Source data
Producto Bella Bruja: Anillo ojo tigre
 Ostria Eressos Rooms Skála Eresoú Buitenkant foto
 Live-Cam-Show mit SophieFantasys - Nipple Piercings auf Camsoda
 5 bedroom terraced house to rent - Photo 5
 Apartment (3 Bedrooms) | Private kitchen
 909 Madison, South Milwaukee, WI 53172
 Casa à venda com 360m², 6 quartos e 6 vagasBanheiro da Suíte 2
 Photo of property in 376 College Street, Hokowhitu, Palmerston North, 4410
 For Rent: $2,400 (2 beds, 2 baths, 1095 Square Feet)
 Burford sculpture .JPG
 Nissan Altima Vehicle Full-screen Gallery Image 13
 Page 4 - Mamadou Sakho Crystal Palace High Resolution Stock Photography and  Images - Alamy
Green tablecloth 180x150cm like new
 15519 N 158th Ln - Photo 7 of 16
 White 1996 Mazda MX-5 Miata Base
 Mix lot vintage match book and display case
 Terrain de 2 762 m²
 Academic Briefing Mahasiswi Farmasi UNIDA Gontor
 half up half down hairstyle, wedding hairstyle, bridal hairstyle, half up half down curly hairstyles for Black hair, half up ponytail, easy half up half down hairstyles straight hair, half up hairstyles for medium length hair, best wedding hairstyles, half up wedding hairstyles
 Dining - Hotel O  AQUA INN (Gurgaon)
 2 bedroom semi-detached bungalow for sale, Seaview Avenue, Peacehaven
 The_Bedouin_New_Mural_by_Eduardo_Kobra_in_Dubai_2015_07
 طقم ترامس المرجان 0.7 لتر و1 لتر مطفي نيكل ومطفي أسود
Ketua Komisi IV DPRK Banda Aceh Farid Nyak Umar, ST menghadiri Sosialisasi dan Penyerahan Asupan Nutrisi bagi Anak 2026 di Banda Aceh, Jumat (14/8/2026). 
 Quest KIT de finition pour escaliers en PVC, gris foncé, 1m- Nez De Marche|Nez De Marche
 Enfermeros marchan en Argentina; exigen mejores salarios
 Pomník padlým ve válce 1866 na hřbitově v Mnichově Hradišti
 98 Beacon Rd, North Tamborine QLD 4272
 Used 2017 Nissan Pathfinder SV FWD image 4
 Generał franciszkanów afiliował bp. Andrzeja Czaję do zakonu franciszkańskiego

Activity
Make an exact copy of every line from the one with "Pomník padlým ve" to the end of the data, with the first and last of those lines included.

Task solution
 Pomník padlým ve válce 1866 na hřbitově v Mnichově Hradišti
 98 Beacon Rd, North Tamborine QLD 4272
 Used 2017 Nissan Pathfinder SV FWD image 4
 Generał franciszkanów afiliował bp. Andrzeja Czaję do zakonu franciszkańskiego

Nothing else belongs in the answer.